Seventy-three Ukrainian women living in squalid conditions in one house are having to leave Poland today because they do not have permission to work in a Christmas-wreath factory. Despite their difficult living conditions, most of the women say they want to stay because they need the money.

Immigration officials say that although the women have legal visas, they are deporting them because they had permits only for agricultural work, not factory work. Their deportation means they cannot return to Poland legally for a year.

The women were working in Trzeborz, near the city of Pyrzyce in northern Poland. They earned 7 złoty an hour making Christmas wreaths and decorations.

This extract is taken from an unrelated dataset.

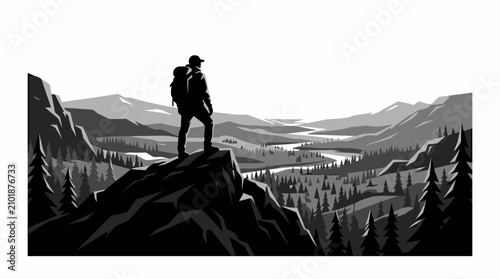 Silhouette of a lone hiker standing on a mountain cliff peak.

Lieutenant Colonel Jacek Ogrodowicz of the Polish Border Guard said the owner of the factory, Jan Siwiec, faces sanctions in the case, although it will depend on what testimony the women give. Prosecutors could accuse him of hiring the women even though he knew their work permits prohibited them from doing factory work. He could also face an accusation of keeping the women in unsanitary living conditions. The house where the women lived was unfinished, with only concrete floors and walls. Not one room had a window. There was no space between the beds jammed into each bedroom. The beds contained no pillows or bedding ? just straw mattresses. Even worse was the bathroom situation. None had bathtubs or showers ? only sinks. And there were only a handful of sinks for all 73 women.

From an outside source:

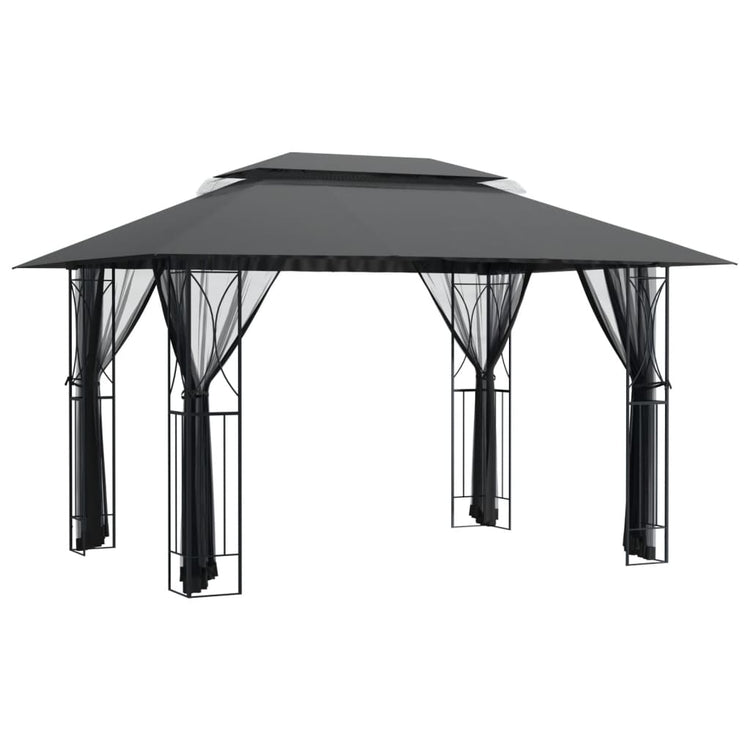 Arbor vidaxl avec parois latérales 400x300x270 cm anthracite en acier -colore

“These women were living like animals,” said Ludmila Aleksiejewa of the Helsinki-based International Federation for Human Rights.
The women, who don’t want to lose their jobs, downplayed their living conditions.

“It isn’t too bad – it isn’t too bad,” one of them told the Polish radio station RMF-FM. “We have water, a kitchen and heat.”

The women said they don’t understand why they have to leave if they want to work. Maria Andrusiak recently lost her husband. “I wanted to earn some money in Poland for the tombstone,” she told the Szczecin Voice newspaper. “Now I’m alone with my four children. In Ukraine there is no work.”

Hanna Jackiel came to Poland to help two adult daughters and their grandchildren. “But now everything is over,” she sighed.